Within organisations, shared context is absent when there are misalignments of purpose or information. The silos that brought us efficiency now promote division and lack of mutual understanding. No two teams can collaborate comfortably when they have their own sets of metrics and differing goals.
A key role for all in organisations but particularly for leaders is to create a shared context. Help people understand the whole system through transparency, understanding and engagement. When there is conflict and dysfunction, start building new understanding.
Work Changes Culture

Work changes culture, not words. The future of work needs action to create new ways of working together. Creating new value requires people to do more than communicate. They must work in new ways.
With management of enterprise collaboration often falling in the Employee Communications function in organisations it can be tempting to see the challenges as primarily challenges of communication. How do we get people to use a new communication tool? What information do we want people to share in our new communication tool? Which communication tool should we use when?

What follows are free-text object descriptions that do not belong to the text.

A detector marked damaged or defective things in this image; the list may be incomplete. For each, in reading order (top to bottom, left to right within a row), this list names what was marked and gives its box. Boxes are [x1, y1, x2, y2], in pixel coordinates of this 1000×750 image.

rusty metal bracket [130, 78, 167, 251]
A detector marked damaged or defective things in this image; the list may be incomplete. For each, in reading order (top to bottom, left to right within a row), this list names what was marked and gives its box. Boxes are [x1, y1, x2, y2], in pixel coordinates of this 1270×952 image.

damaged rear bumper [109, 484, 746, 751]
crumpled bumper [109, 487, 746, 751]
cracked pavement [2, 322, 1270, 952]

The bigger and more valuable opportunity is to change the very nature of work. Changing work behaviours runs directly into the challenges of changing the culture of the organisation. After all, culture is the expectation of future behaviours in any organisation. What ways of working are expected, what work is valued and how others will support your work is all wrapped up in a rich tapestry of cultural expectations born of past behaviours, some going back as far as the origins of the organisation.

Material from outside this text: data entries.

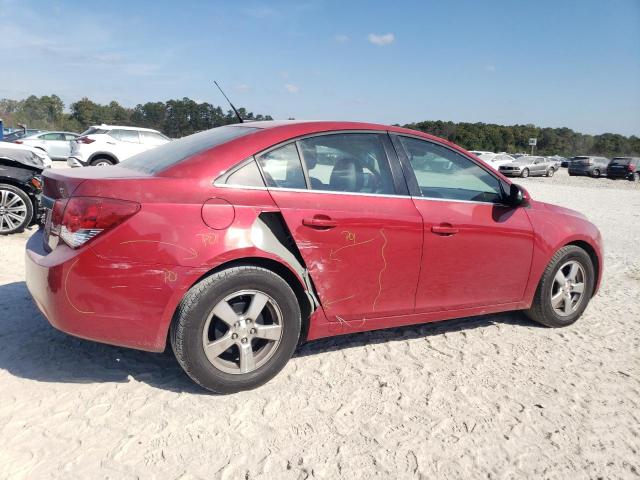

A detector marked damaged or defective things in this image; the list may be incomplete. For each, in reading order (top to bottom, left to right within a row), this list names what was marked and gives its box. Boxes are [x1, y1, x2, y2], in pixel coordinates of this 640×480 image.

damaged red car [25, 121, 604, 394]
dent in rear quarter panel [524, 202, 604, 304]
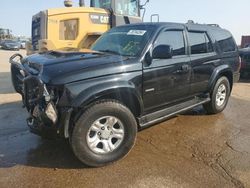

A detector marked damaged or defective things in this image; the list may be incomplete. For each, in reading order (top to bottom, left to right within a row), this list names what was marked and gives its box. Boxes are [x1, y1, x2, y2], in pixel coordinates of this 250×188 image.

damaged front end [9, 53, 65, 137]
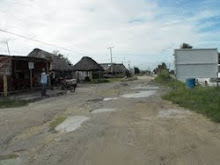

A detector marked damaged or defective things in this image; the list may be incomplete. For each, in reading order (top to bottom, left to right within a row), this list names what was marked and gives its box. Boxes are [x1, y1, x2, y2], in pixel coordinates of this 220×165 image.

pothole [55, 116, 89, 133]
damaged road surface [0, 76, 220, 165]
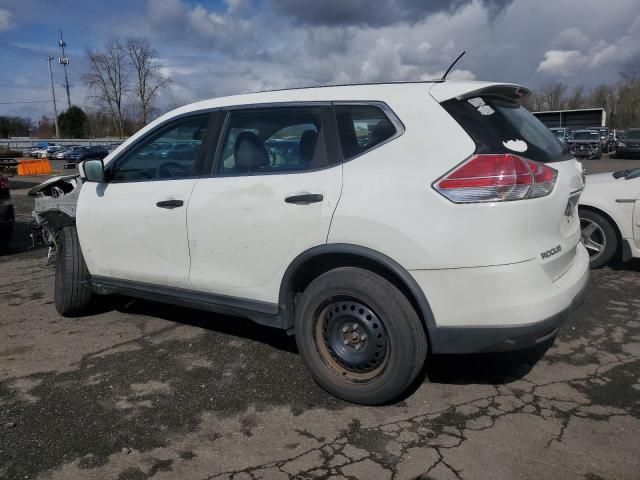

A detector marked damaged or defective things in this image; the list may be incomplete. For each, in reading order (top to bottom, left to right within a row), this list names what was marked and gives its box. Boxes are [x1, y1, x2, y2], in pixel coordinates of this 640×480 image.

cracked asphalt [1, 158, 640, 480]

As we have seen from communication campaigns around values in organisations, message can temporarily influence expectations. However, what confirms a change in expectations is when people see new behaviours being practiced consistently, rewarded and ultimately expected by others.
Sharing information in enterprise social networks is a start but the real value of working out loud is created when people begin to change the very nature of their work process to respond to expectations that they be more agile, more transparent, more collaborative, more trusting and more open to the expertise of others. When this occurs they get the benefits of the input of others in greater speed, productivity and effectiveness. The changing nature of work and the changing culture of the organisation will develop hand in hand in this case and be supported by increasing personal and organisation value to justify the ongoing change.
Organisations that want to realise the true value of enterprise collaboration need to create an expectation that work will change to be more open. The best way to start that change is not with talk but by fostering the action that role models it to all in the organisation.
Invest in Better Work
Collaboration and other future work practices require investment from organisations to foster community and support the changes in practices. The potential value from this investment is better work organisation-wide.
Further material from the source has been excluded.